In: Accounting
Carney, Pierce, Menton, and Hoehn are partners who share profits and losses on a 4:3:2:1 basis, respectively. They are beginning to liquidate the business. At the start of this process, capital balances are
| Carney, capital | $ | 71,000 | 
| Pierce, capital | 30,300 | |
| Menton, capital | 54,000 | |
| Hoehn, capital | 23,300 | |
Which of the following statements is true?
The first available $7,400 will go to Menton.
Carney will be the last partner to receive any available cash.
Carney will collect a portion of any available cash before Hoehn receives money.
The first available $5,300 will go to Hoehn.

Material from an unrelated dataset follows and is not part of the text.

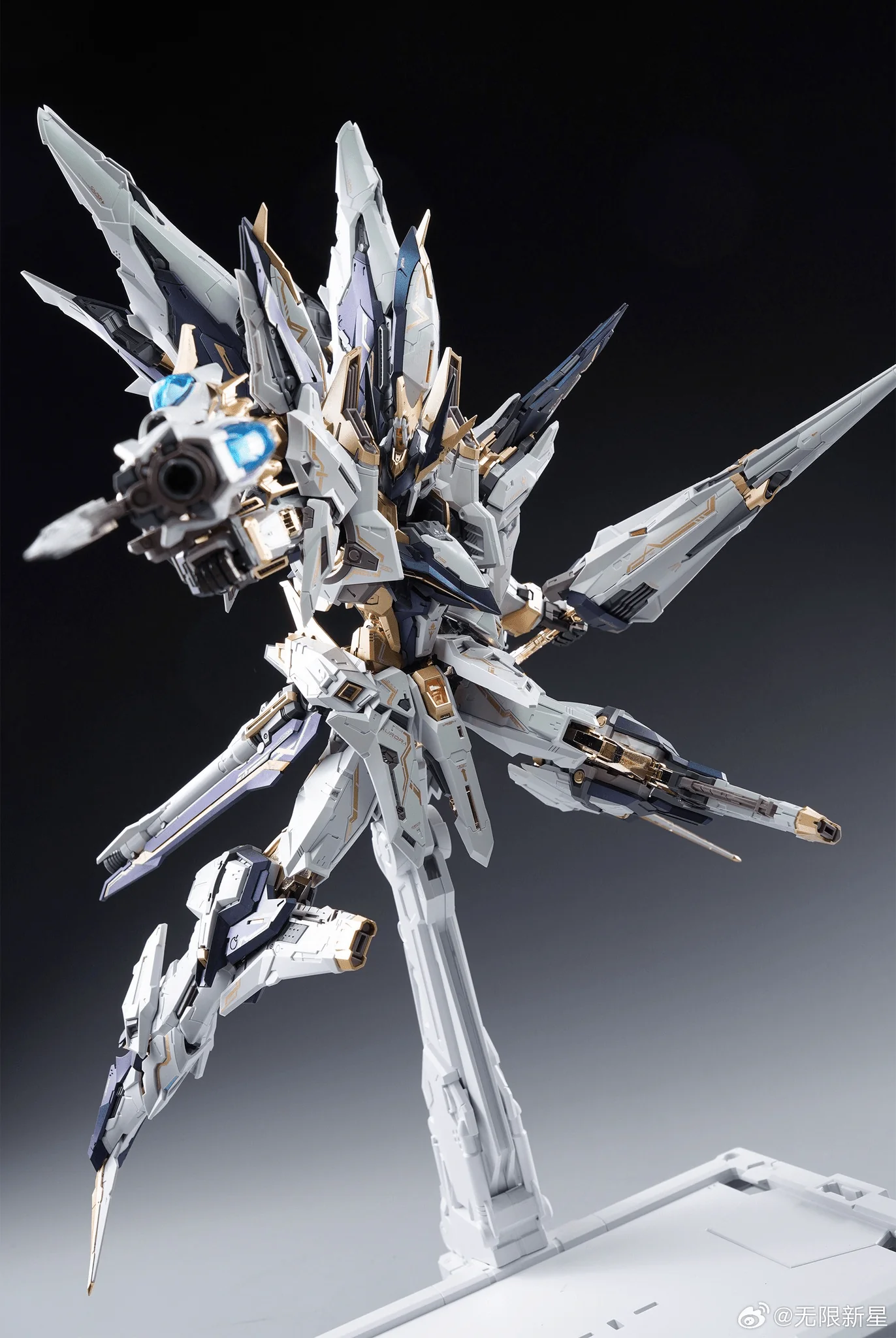 Infinity Nova Aurora 1/100 Scale Model Kit - Image 10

| particulars | carney | perce | menton | hoehn | 
| capital balance | 71000 | 30300 | 54000 | 23300 | 
| profit and loss sharing ratio | 4 | 3 | 2 | 1 | 
| capital balance for one share (capital balance / ratio)  | 
17750 | 10100 | 27000 | 23300 | 
| capital which should be (perce) | 40400 | 0 | 20200 | 10100 | 
| excess capital (capital balance - capital should be)  | 
30600 | 0 | 33800 | 13200 | 
| particulars | carney | menton | hoehn | 
| capital balance | 71000 | 54000 | 23300 | 
| profit and loss sharing ratio | 4 | 2 | 1 | 
| capital balance for one share (capital balance / ratio)  | 
17750 | 27000 | 23300 | 
| capital which should be (carney) | 0 | 35500 | 17750 | 
| excess capital (capital balance - capital which should be)  | 
0 | 18500 | 5550 | 
| particulars | menton | hoehn | 
| capital balance | 54000 | 23300 | 
| profit and loss sharing ratio | 2 | 1 | 
| capital balance for one share (capital balance / ratio)  | 
27000 | 23300 | 
| capital which should be (hoehn) | 46600 | 0 | 
| excess (capital balance - capital which should be)  | 
7400 | 0 | 
Therefore, the first available $ 7400 will go to menton.